===== PROVIDED RECORDS =====
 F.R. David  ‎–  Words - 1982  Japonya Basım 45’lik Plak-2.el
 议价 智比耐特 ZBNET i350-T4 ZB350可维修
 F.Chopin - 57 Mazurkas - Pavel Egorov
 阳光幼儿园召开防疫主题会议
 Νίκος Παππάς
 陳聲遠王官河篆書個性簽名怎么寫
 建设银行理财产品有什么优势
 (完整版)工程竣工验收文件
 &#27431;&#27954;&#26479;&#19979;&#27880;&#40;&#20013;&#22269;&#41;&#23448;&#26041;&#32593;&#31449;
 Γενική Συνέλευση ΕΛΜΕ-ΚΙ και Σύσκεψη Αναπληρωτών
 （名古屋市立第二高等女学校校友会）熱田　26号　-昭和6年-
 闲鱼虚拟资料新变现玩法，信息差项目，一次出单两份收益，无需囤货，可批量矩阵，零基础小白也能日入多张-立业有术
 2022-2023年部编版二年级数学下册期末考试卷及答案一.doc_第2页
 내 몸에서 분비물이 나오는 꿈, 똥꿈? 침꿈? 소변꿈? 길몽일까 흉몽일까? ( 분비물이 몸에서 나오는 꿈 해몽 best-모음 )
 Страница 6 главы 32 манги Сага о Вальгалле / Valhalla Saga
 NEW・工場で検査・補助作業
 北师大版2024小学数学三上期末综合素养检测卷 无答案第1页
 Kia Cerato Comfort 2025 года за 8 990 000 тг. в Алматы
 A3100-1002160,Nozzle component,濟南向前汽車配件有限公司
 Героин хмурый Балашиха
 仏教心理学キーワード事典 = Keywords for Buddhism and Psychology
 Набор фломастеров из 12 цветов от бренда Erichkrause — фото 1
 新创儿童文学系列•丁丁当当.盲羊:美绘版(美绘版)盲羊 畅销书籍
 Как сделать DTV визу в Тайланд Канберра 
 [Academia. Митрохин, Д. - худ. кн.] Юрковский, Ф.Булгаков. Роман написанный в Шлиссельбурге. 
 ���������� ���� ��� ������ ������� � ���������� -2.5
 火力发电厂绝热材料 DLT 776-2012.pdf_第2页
=====
From the line that has "建设银行理财产品有什么优势" through the line that has "Набор фломастеров из", copy every line exactly as it appears above, and leave out all others.

* FINISHED EXERCISE *
 建设银行理财产品有什么优势
 (完整版)工程竣工验收文件
 &#27431;&#27954;&#26479;&#19979;&#27880;&#40;&#20013;&#22269;&#41;&#23448;&#26041;&#32593;&#31449;
 Γενική Συνέλευση ΕΛΜΕ-ΚΙ και Σύσκεψη Αναπληρωτών
 （名古屋市立第二高等女学校校友会）熱田　26号　-昭和6年-
 闲鱼虚拟资料新变现玩法，信息差项目，一次出单两份收益，无需囤货，可批量矩阵，零基础小白也能日入多张-立业有术
 2022-2023年部编版二年级数学下册期末考试卷及答案一.doc_第2页
 내 몸에서 분비물이 나오는 꿈, 똥꿈? 침꿈? 소변꿈? 길몽일까 흉몽일까? ( 분비물이 몸에서 나오는 꿈 해몽 best-모음 )
 Страница 6 главы 32 манги Сага о Вальгалле / Valhalla Saga
 NEW・工場で検査・補助作業
 北师大版2024小学数学三上期末综合素养检测卷 无答案第1页
 Kia Cerato Comfort 2025 года за 8 990 000 тг. в Алматы
 A3100-1002160,Nozzle component,濟南向前汽車配件有限公司
 Героин хмурый Балашиха
 仏教心理学キーワード事典 = Keywords for Buddhism and Psychology
 Набор фломастеров из 12 цветов от бренда Erichkrause — фото 1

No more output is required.